Three, avatar stage.

Four, golem stage.

Five, monster stage.

Six, puppetmaster stage.

Seven, apocalypse/beserker stage.

With the terrorist planning and activity commencing in stage six, and played out in stage seven.

One has to be careful of magical thinking, of thinking based on purely visual resemblances, hauntings, not realities. Most importantly, this model demands that we consider that this stuff does not just float like fantasy inside of a kid’s head, and then he shoots, all popular culture, of hero movies and art and all that is deeply inscribed with sacrificial vision thinking, meant to burn off this kind of thing in the everyday mind, in the sane self, it has to become the fabric of his lived life, physically, materially, culturally, in the world. It has to be part of his everyday routine, his life as it is. He has to have created for himself a secret cult world of fascist intention where he does his mad science, that is mad scientist 101, without it, there is no shooter. The only thing that leads to a shooter is the cultivation of personal fascism, set up by a specific set of qualifying criteria.

We will find then that at some point in the past he had a very nice relationship with a popular girl who then dumped him, and then he was dumped by all her friends. We will find that he did great in school, then suffered a terrible defeat, and gave in to effigy making of himself. We will find that he then changed, that is, his ideas amplified, grew grandiose, he became possessed by an avatar, maybe he gave him a new name, that avatar then went to work in creating a life for him to carry out its mission of revenge. This then caused contretemps in his life that then tempted him to suborn his own mission and use the power in a personal and illicit way, to make of it a golem. Then someone somehow reacted negatively, by cutting him off, by turning something against him, that precipitated the crisis, the golem became a monster. He then thought he could ride it, but as expected once he started in on the shooting it overwhelmed him, he became a mere puppet of the monster others had made of his golem (but he started the dark stuff) and he ended up destroying himself along with the others he brought down with

So as to worries of a parent about a gaming son. Likely, he has a touch of genius, but not enough of it, he had no taste of power, for the sting of his low standing at the moment to drive him over the edge. A slacker does not a shooter make. He has not had any particular experience of greatness or humiliating fall event that makes of him an effigy either, he does not have a persecution complex. For that, he does not in any way think that he can save the world, he is not possessed by an avatar, with grandiose ideas of vengeance, he does not and has not any avatar that he has then used as a golem, nor is there anyone near him that can turn that golem into a monster, though parents sometimes do this (and having a gun culture helps), which he then has to recoup to use again, but be destroyed by in an apocalypse. That is, a gaming son might have a lot in common on a personal incidental level with the shooter, but in terms of actually getting caught up in the model of how a shooter is made, he has none of the ingredients, the complex cannot develop, according to this analysis.

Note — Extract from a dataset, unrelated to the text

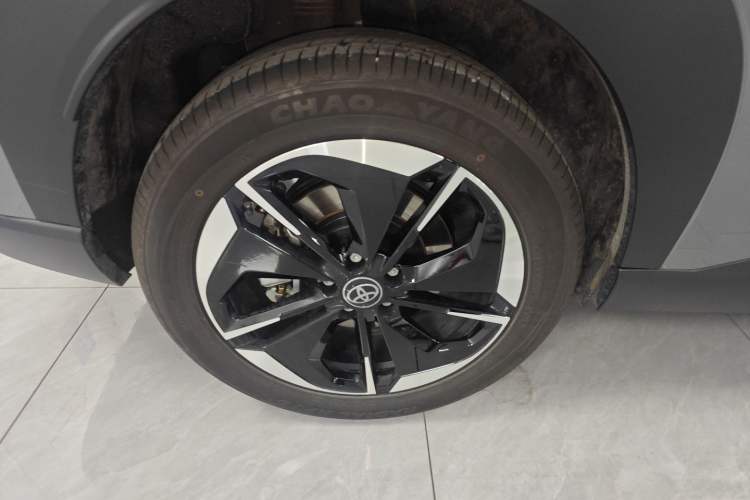 Used Toyota BZ 3X 2025 520 Pro Right Rear Wheel Hub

This feels a lot like my model of a chip on the shoulder of the artist in an essay in 90s, my vision of his sacrificial vision. How does it remain positive and affirming? Because he avoids the golem stage, he channels it into art, from when it remains, while dangerous, flirting with danger, bad boy, essentially benign. That is, this model only leads to terror and crime, if fulfilled, it can be entered into, but also dropped out of, at any point, at each incompleteness, however, short-circuited from fulfillment in mayhem.

The negative elements of the model are the precipitating defeat that turns him into an effigy, that is a negative; then the fact that he becomes possessed by an avatar and loses his old self; and then that he uses the avatar as a golem to kill; then that another uses it against him and turns it into a monster that attacks him, causing him to counterattack, and go berserk, to be killed. If on the other hand you find consolation for the effigy in a world of imaginary victory, and the avatar is a positive inspiring voice that leads you but does not possess and submerge you, then you are lead forward to create not golems but keepers, guardians, protectors, saints, and this then keeps off the monster and the apocalypses, allowing you to experience apotheosis, an imagined realization of all your dreams, in art. It is the catholic method of cult art, goes way, way back. A kind of symbolic sacrifice of self, to repair the world with new visions of hope.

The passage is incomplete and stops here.